Huttenhower et al. [48] employed this strategy to build functional networks for human data which are made available through a web-based tool called HEFalMp. The datasets used for this integration encompassed more than 30,000 experiments from more than 15,000 publications and included more than 27,000,000,000 data points. This system summarizes available data to enable biological researchers to quickly and effectively navigate the entirety of these data and generate hypotheses in a data-driven fashion.

Case Study

For this case study we have queried the functional relationship network in HEFalMp for the gene BRCA1. BRCA1 encodes a tumor suppressor protein. The functional relationship network, shown in Figure 1, includes many cell cycle associated proteins such as MYC. Indeed the strongest functional relationships include genes such as MYC, JUNB, TP53, and E2F1. These relationships suggest that BRCA1 is involved in cell cycle progression. In addition to these well known genes, the list contains less characterized genes of interest. One such example is ZWINT which has a probability of a functional relationship with BRCA1 of 0.9793. ZWINT is a kinetochore protein which is known to interact with ZW10 but not known to have a functional relationship with BRCA1 [49-51]. This functional relationship prediction based on high throughput human data suggests that an investigation of the relationship between BRCA1 and ZWINT might be informative. Because this hypothesis comes not from published results but from the integrative analysis of high throughput data, this is an example of data driven hypothesis generation as opposed to the more frequently performed knowledge driven hypothesis generation. This process can be used to identify additional potential players in a process of interest, to find potential functions for a protein discovered in a screen, or to find genes that have previously unknown functional relationships a specific protein of interest.

Figure 1.

Figure 1

The top panel indicates the search used to generate this network. The middle panel shows the functional relationship network from HEFalMp for BRCA1. Red edges indicate high confidence links and green edges indicate lower confidence links. The bottom panel shows the top sources of evidence for the link between BRCA1 and ZWINT. The top sources include a dataset of pre-mRNA splicing indicating a potential mechanism of interest.

Bayesian Overview

The first step in the integration of heterogeneous genome-scale data has been to develop a common scale for measurements from diverse data types. Probabilities [52], or scores derived from probabilities [53-54], have often been used because each dataset can provide a likelihood which can then be integrated within a Bayesian framework. The Bayesian framework allows data from multiple sources to be integrated based on the strength of evidence from each data source. This strength of evidence can be expert annotated [52] or derived from known gold standards [55]. We and others have used integrative methods to discover novel biology [47-48, 56-58].

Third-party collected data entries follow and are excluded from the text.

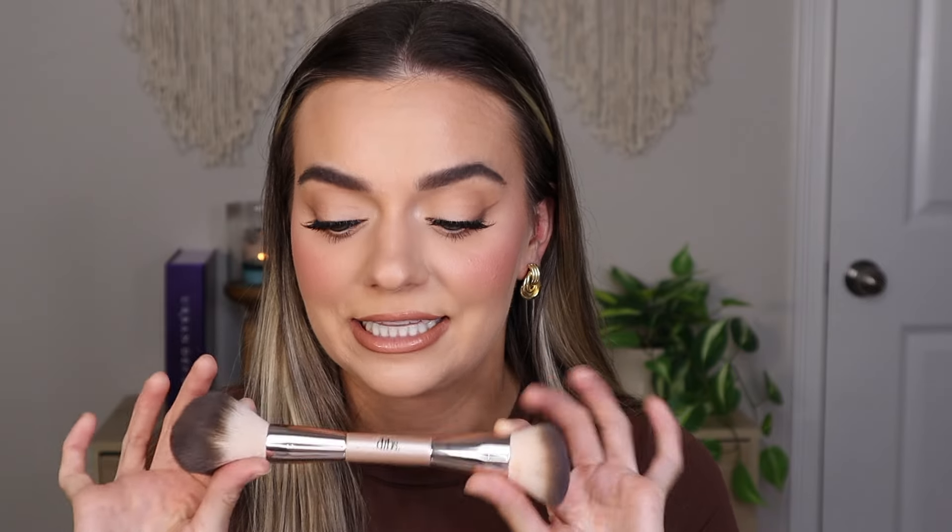This end right here is more dense and really soft. I like to use this for cream blush. It's more dense and disperses it further because it's like a bigger brush surface area. I really, really love this brush — highly recommend it.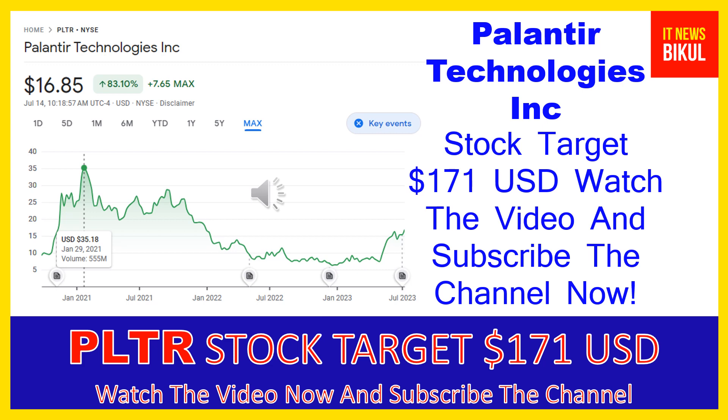The company provides Palantir Gotham, a software platform which enables users to identify patterns hidden deep within data sets, ranging from signals intelligence sources to reports from confidential informants, as well as facilitates the handoff between analysts and operational users, helping operators plan and execute real-world responses to threats identified within the platform.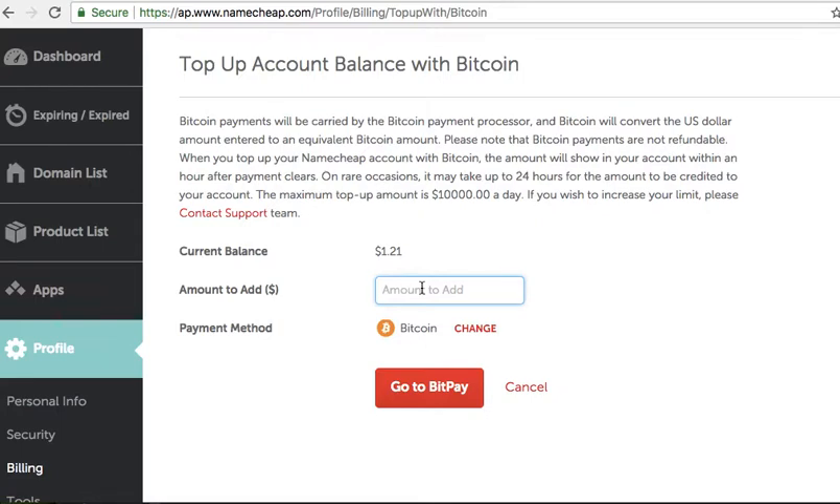Let's just do $7 — maybe they won't let me do that. It's taking a little longer.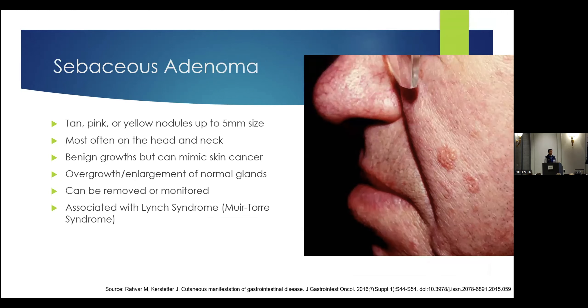Sebaceous adenomas are a variant of sebaceous gland growths, often slightly larger than sebaceous hyperplasia. You can see here on this gentleman's cheek there's a larger bump. These are still benign growths, but they can mimic skin cancer. So if you see something growing on your face, bring that up — your physician may consider doing a biopsy, which is a sample of the skin. That allows us to get a pathology image to make a definitive diagnosis under the microscope. The good news is if it comes back as a sebaceous adenoma, it's 100% benign — not dangerous — but it may actually be a marker that you carry a propensity for Lynch syndrome.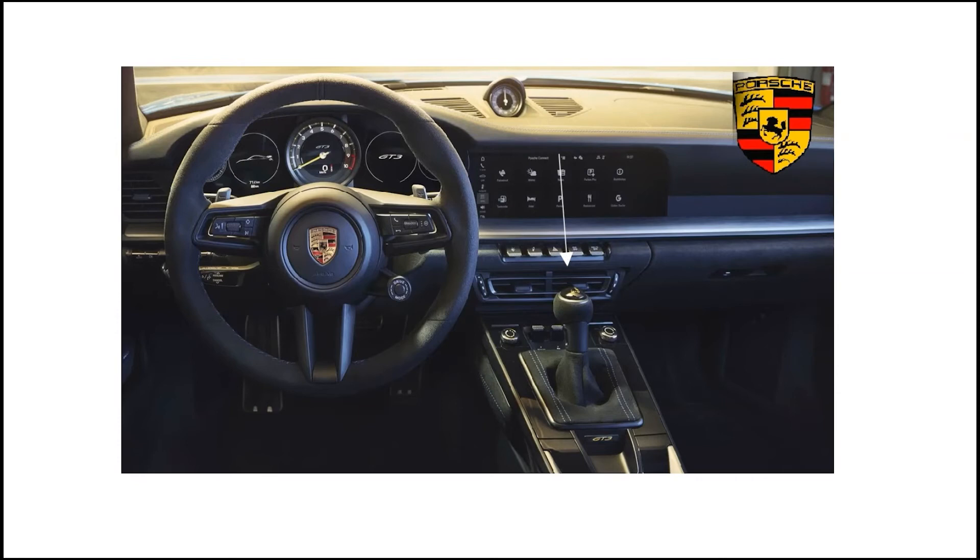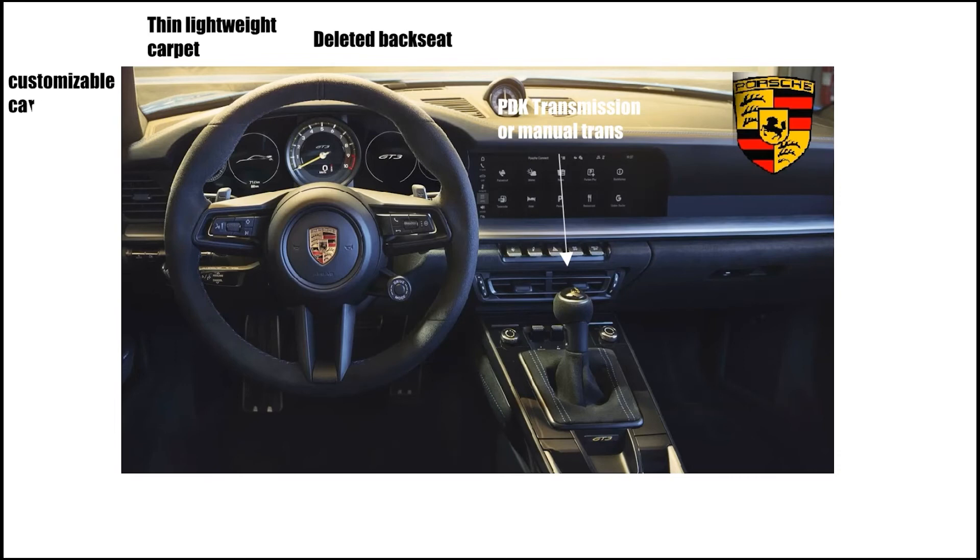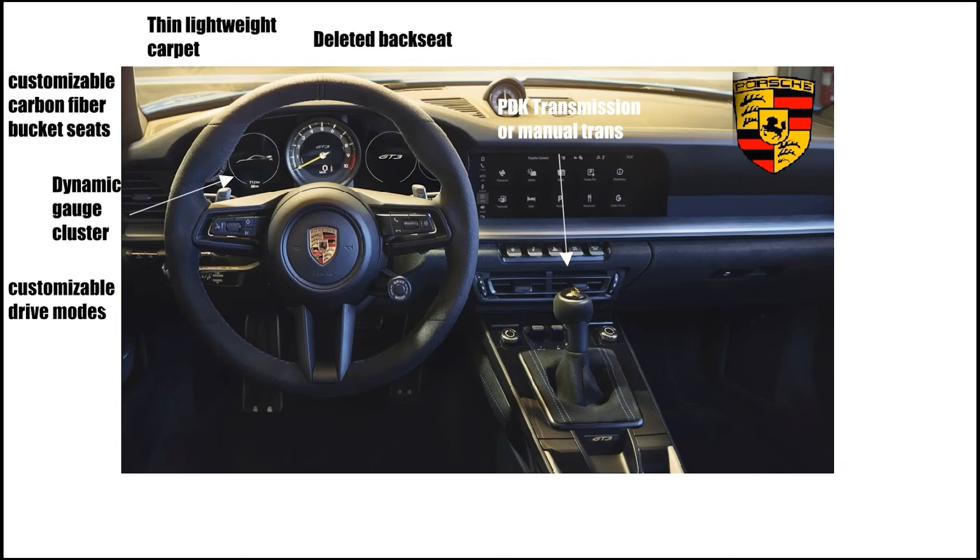The GT3 either comes with a PDK transmission or a manual transmission. It has deleted back seats. It has thin light white carpet. It has customizable carbon fiber bucket seats. It has a dynamic gauge cluster. It has customizable drive modes.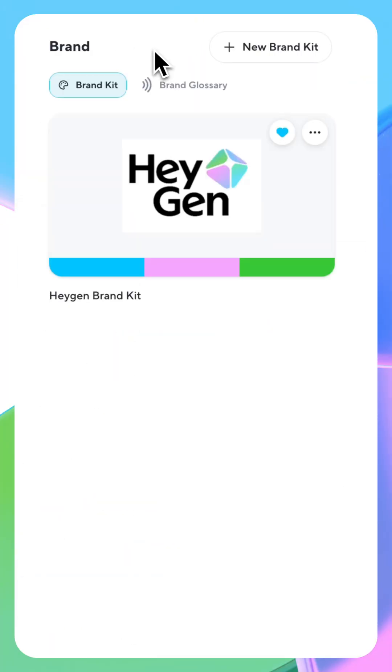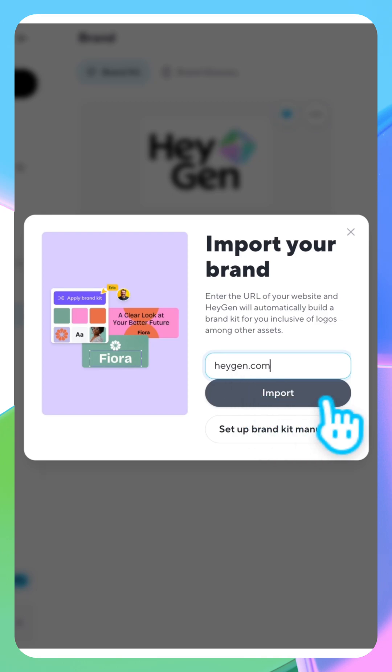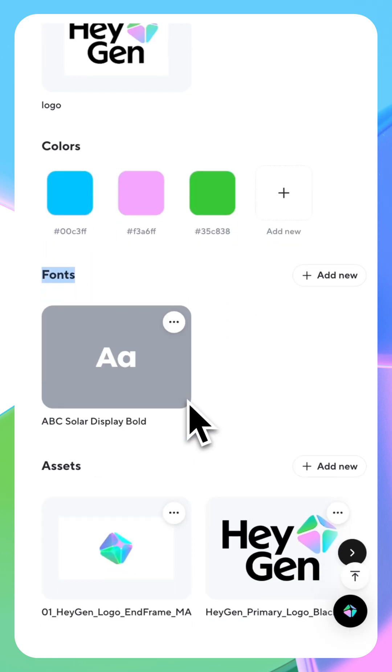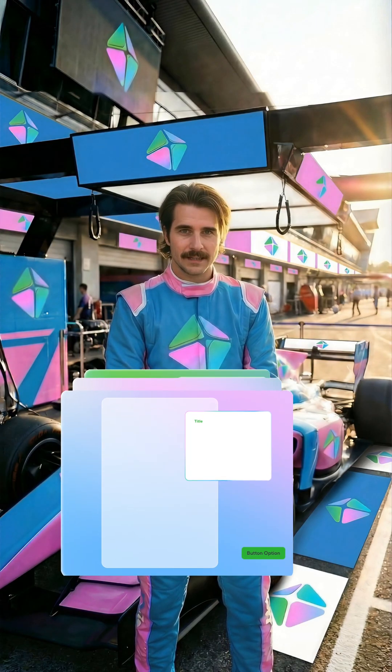On HeyGen homepage, hit BrandKit and then add new BrandKit. You can drop in your brand's URL or set it up manually. Upload your logos, images, and videos and add your colors. Drop in your fonts and that's it. Your brand stays consistent across everything you create.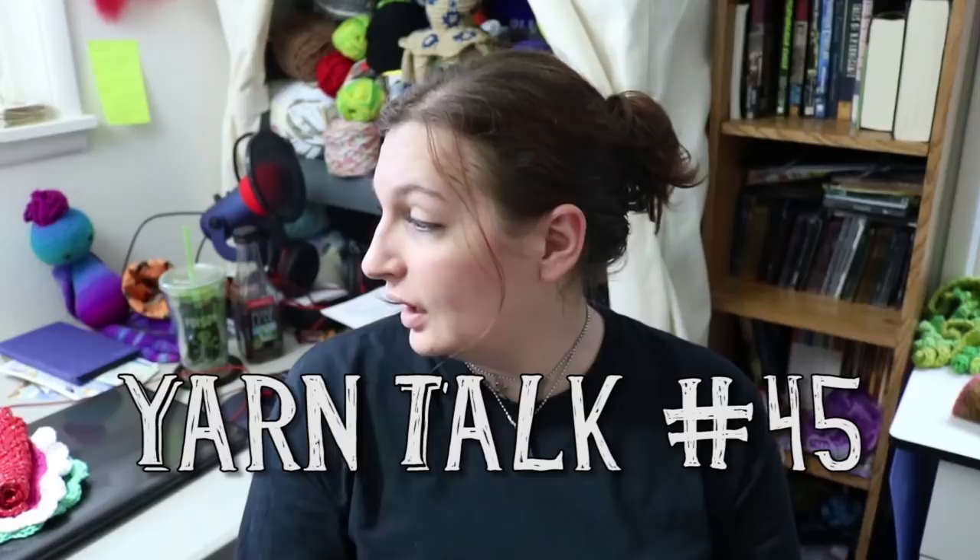Hey everyone, Random Randy here. This is Yarn Talk episode 45, recording on Saturday the 30th of December.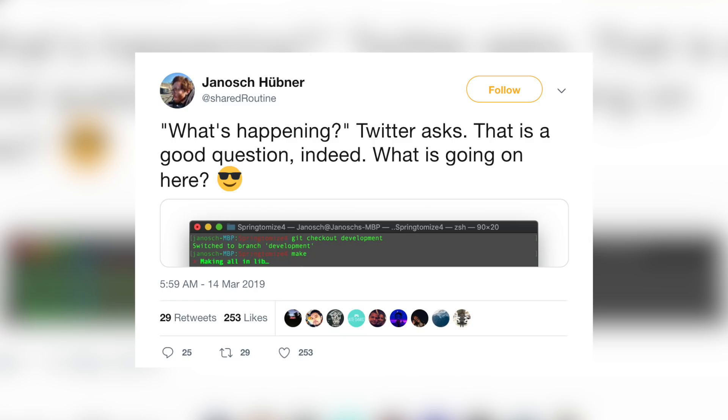Lastly, Springtomize 4 is coming to iOS 12. The developer tweeted out a screenshot with the file titled Springtomize 4 — this is easily one of my favorite tweaks of all time, and I cannot wait for it to be released. I'd easily pay five dollars just to get it. Even if you're new to jailbreaking, you're going to find out why everybody loves Springtomize. And speaking of awesome tweaks, I'll have a new top tweaks episode coming next week — definitely subscribe and be on the lookout.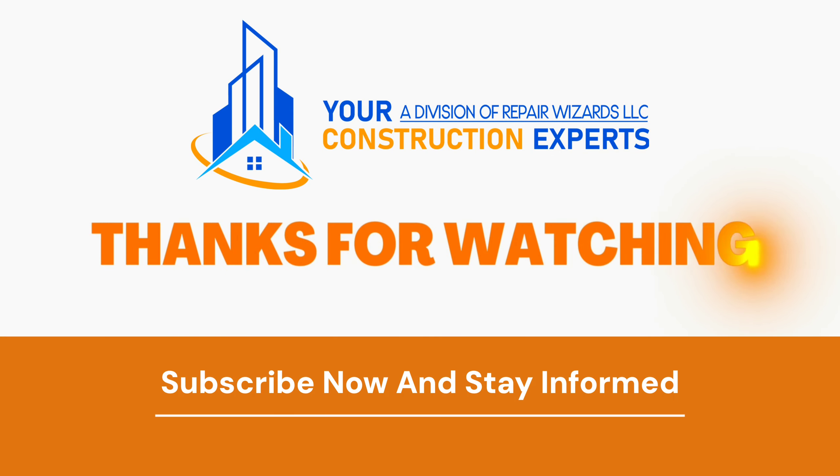Verify. Validate. File a complaint. Watch the video library. Click that link below. Let me know your comments or your questions. Thank you. Tim McAdams, Your Construction Experts.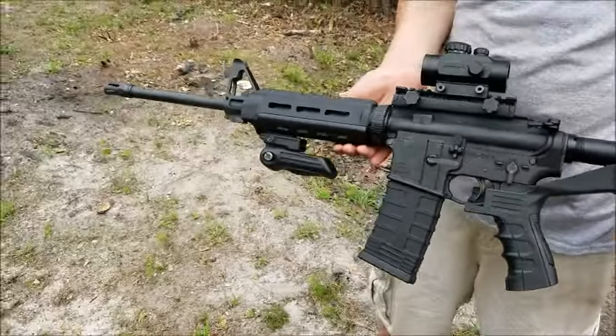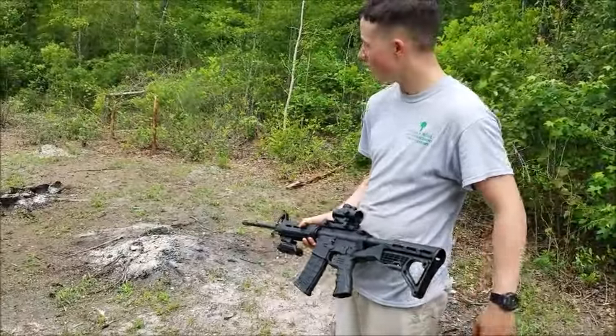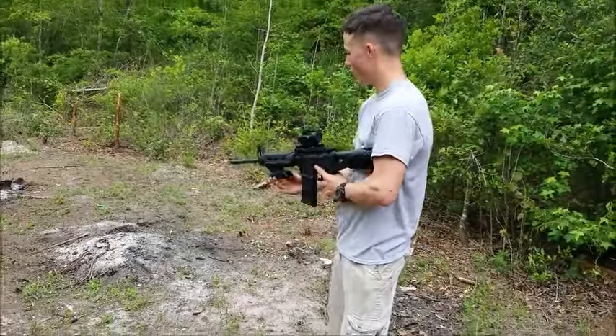Got the Ruger AR-556 today with a couple of aftermarket attachments, but today we're going to be testing out this $99 slide fire stock on this steel target. Just got it recently, not too good with it yet, but we're going to see if I can make some rounds go through this thing.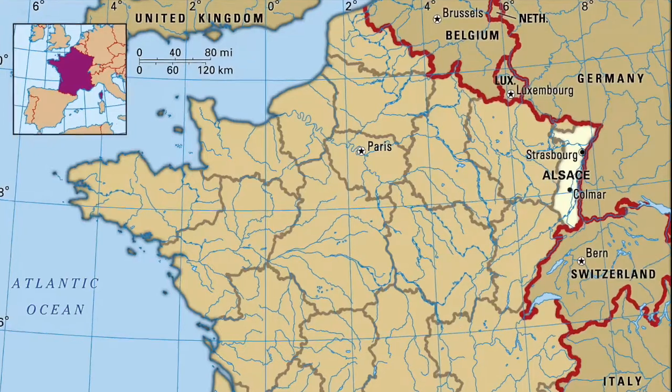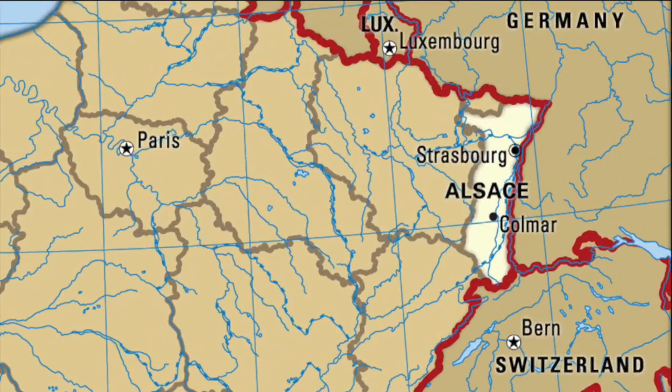Perhaps more importantly, Ezel spent some of her early career gaining experience in Alsace, which is known for its full, rich, rounded dry Rieslings. So it should be no surprise that what we're drinking today is a full, fairly rich, round, dry Riesling.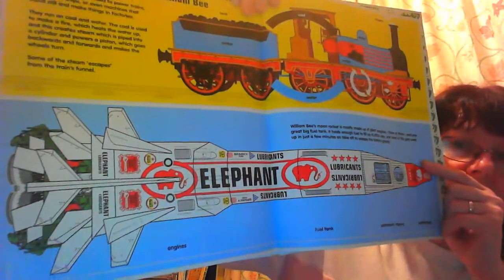William B's moon rocket is mostly made up of three giant engines and one great big fuel tank. It holds enough fuel to fill up 15,000 cars, and most of this gets used up just in the first few minutes of takeoff to escape the earth's gravity. So there you have it: a steam engine and a space rocket.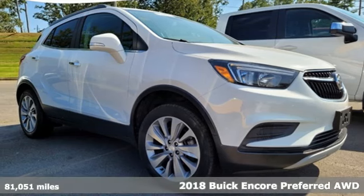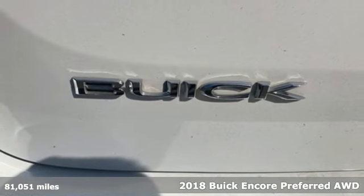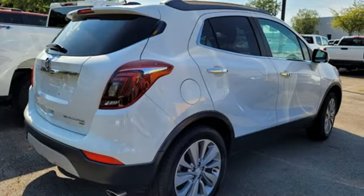It's a 2018 Buick Encore. This perfectly sized and nimble Encore is perfectly suited for your next adventure, and it comes with all the amenities you need.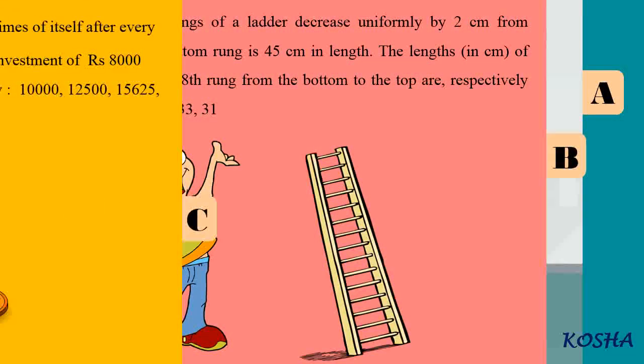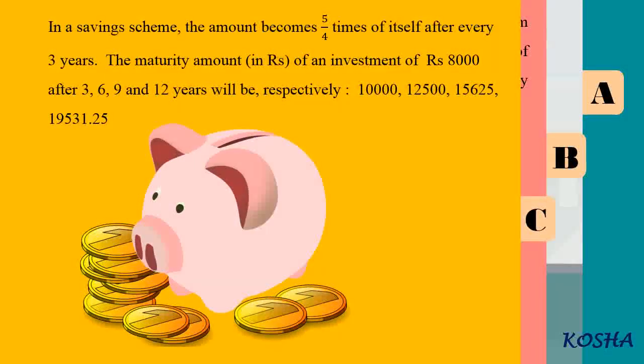In a savings scheme, the amount becomes 5/4 times of itself after every 3 years. The maturity amount of an investment of Rs 8,000 after 3, 6, 9, and 12 years will be respectively 10,000, 12,500, 15,625, 19,530.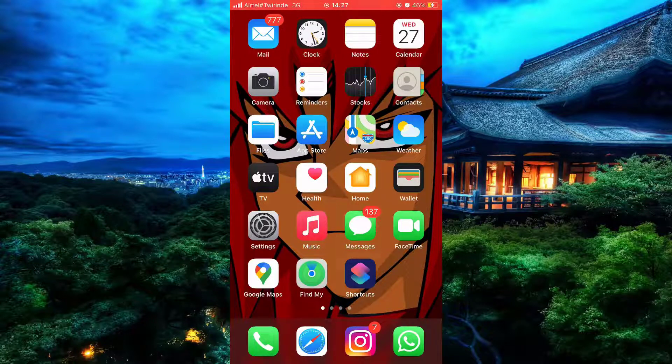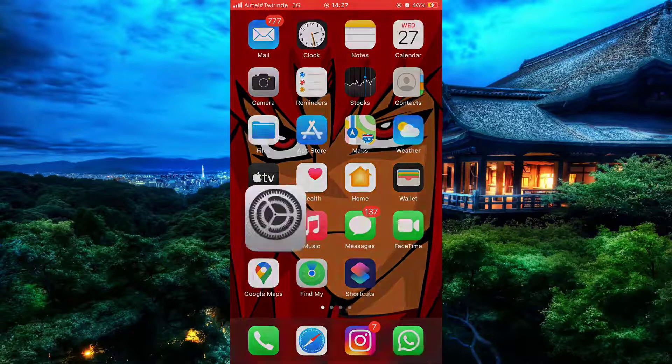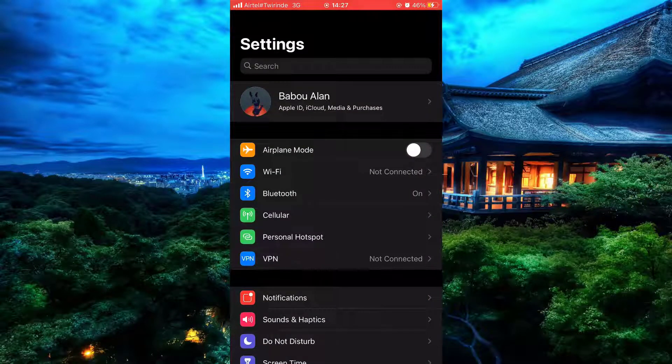The steps are quite actually simple. Let's simply start by opening settings. And now that the settings are open.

Intuitively the process begins with the development of a high quality gold standard. The gold standard contains pairs of genes that are known to have a relationship (gold standard positive relationships) and pairs of genes that are known to lack a relationship (gold standard negative relationships). The definition of “relationship” used in the creation of the gold standard determines the type of relationships that will be discovered during the integration process. If physical protein-protein interactions are used to develop the gold standard, these are the types of interactions that will be discovered. The work discussed here focuses on functional relationships, i.e. relationships where two genes are known to work together directly or indirectly to accomplish a certain biological task [59].

The next step is the collection of high throughput datasets and databases. Within each dataset, every pair of genes is evaluated and given a value. This value can be the correlation between genes, their mutual information, or simply the presence or absence of a relationship in a database. These values are placed into bins. Each of these bins is then evaluated for its proportion of gold standard positive and negative relationships. This proportion, when compared to the overall proportion of functional relationships, can be used to estimate the likelihood that unannotated gene pairs in that bin possess a functional relationship. Using the assumption of independence across datasets, the likelihood of a functional relationship can be calculated for genes outside of the gold standard. These probabilities of relationships can then be used to create a network in which edges represent the probability of a functional relationship (given the data) between genes.

Specifically a Bayesian integration process is performed. Myers et al. [55] describe the basic process in detail, but we will summarize it here. A discrete Bayesian network is constructed that relates evidence from different data types to the probability of a functional relationship. The critical elements of these networks are the structure and the conditional probability tables (CPTs). The structure determines relationships between evidence nodes. In this case, the network structure comes from earlier work by Troyanskaya et al. [52]. This network reflects relationships between evidence from different data types for the purpose of ensemble analysis and avoids double counting of evidence. The CPTs measure the reliability of each type of evidence. In this case, the CPTs were inferred using protein-protein relationships from the GO biological process ontology.

The CPTs, an example of which is shown in Table 1, can be constructed for each type of evidence using a gold standard. The gold standard should be carefully developed to capture the relationship of interest. In this case, the relationships of interest were functional relationships. A functional relationship is where a pair of genes work together to carry out a specific biological process.

Table 1.

A conditional probability table for a hypothetical data source.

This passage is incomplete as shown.